> [Exercise directions] In the entries below, find the line with "Summer Is officially" and the line with "#NZparks #NZ summer #NZtrees #NZnature"; copy them and every line between them exactly, but not the pictures.

> [Dataset]
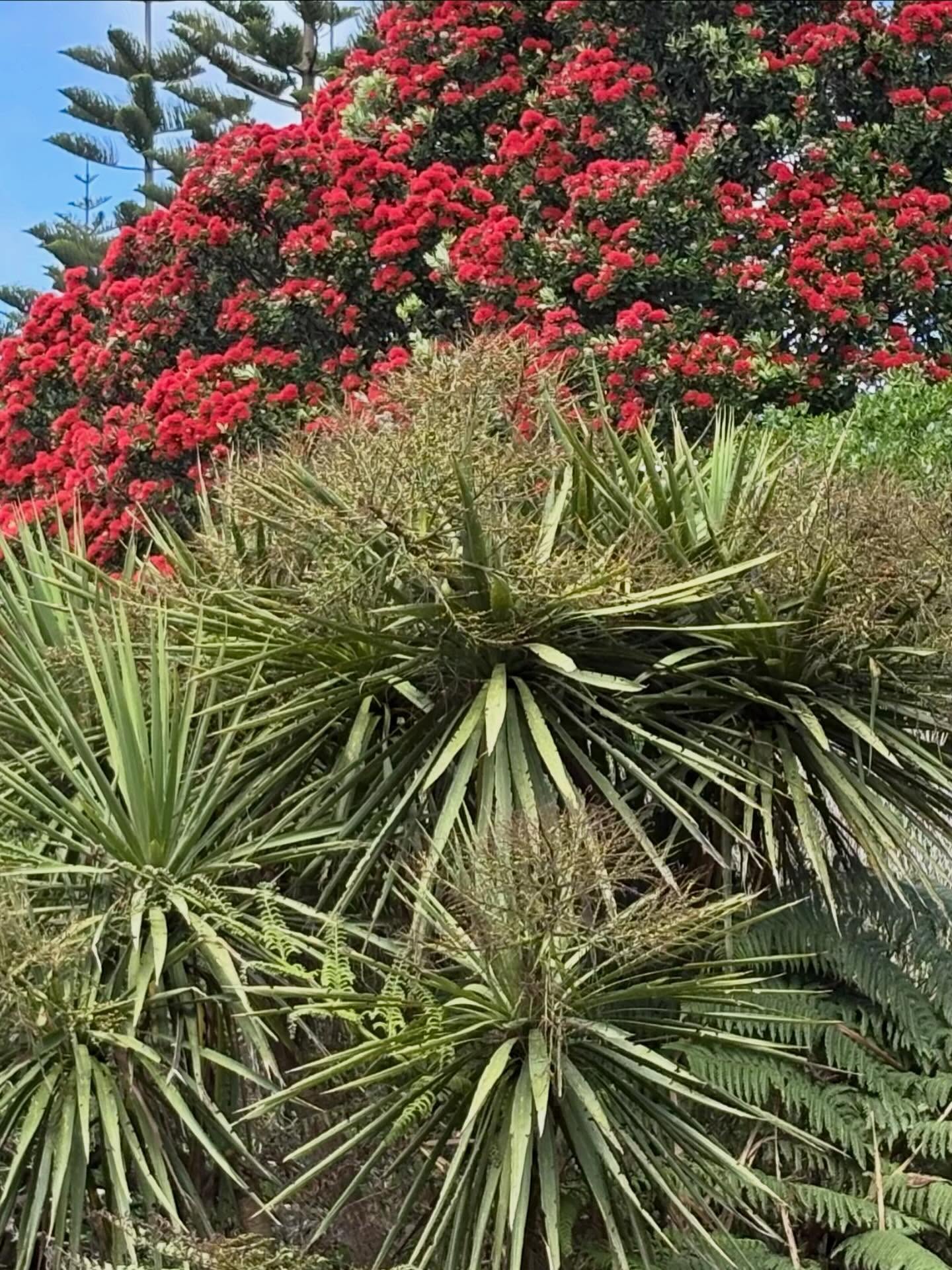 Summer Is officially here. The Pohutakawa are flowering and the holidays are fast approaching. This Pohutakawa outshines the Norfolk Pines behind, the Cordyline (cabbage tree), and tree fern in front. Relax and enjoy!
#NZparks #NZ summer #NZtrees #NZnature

---

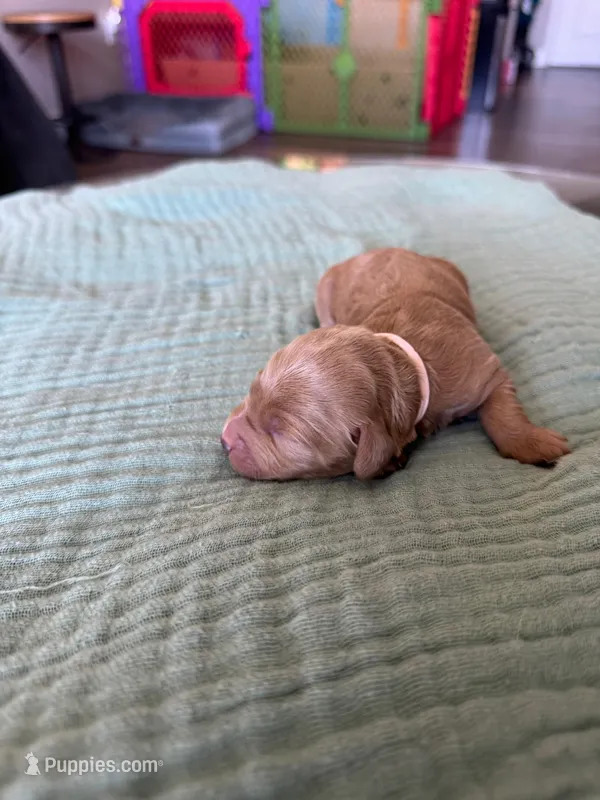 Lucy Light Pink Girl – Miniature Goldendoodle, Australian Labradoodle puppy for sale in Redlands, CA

---

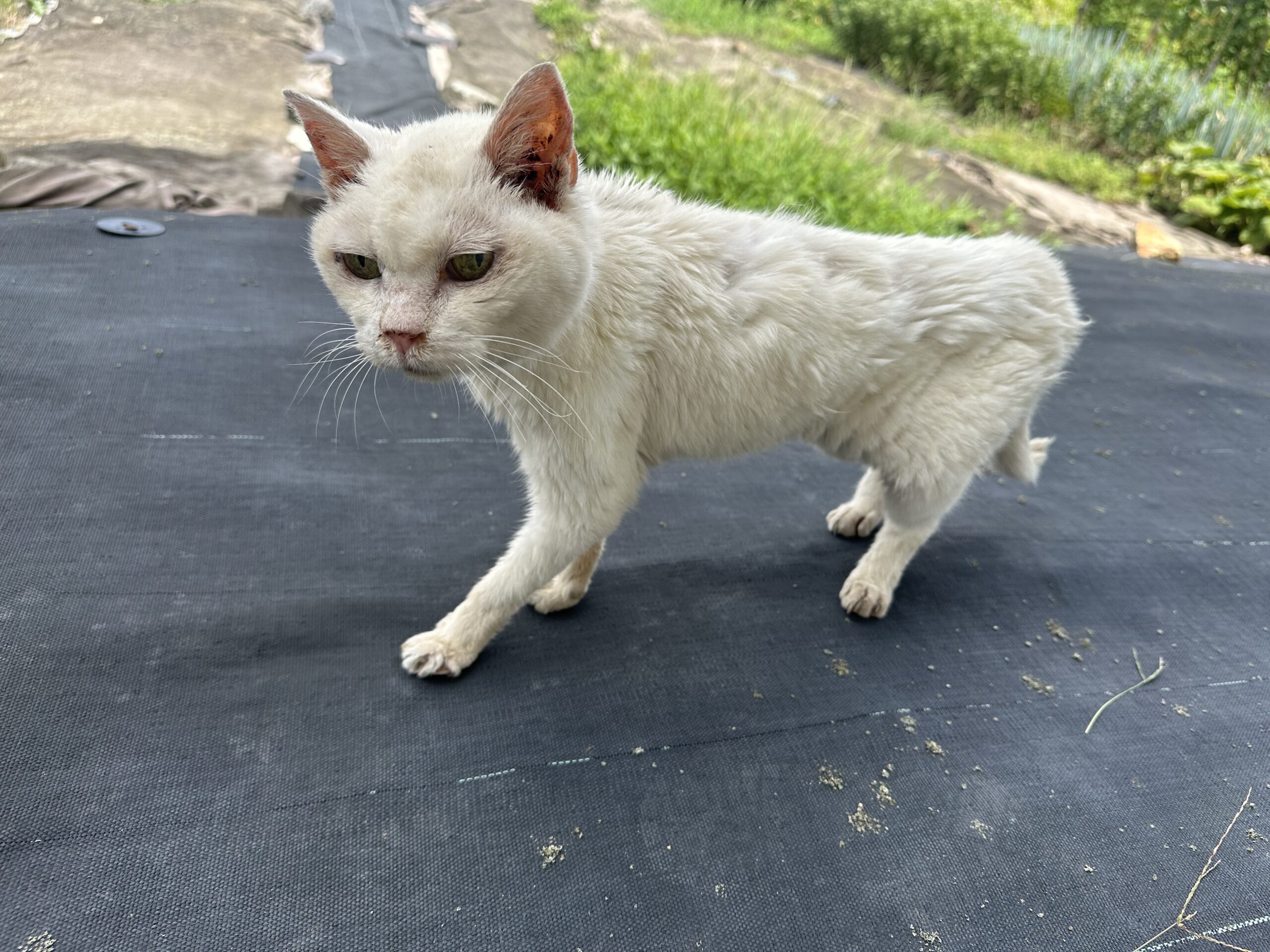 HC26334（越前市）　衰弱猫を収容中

> [Finished exercise]
 Summer Is officially here. The Pohutakawa are flowering and the holidays are fast approaching. This Pohutakawa outshines the Norfolk Pines behind, the Cordyline (cabbage tree), and tree fern in front. Relax and enjoy!
#NZparks #NZ summer #NZtrees #NZnature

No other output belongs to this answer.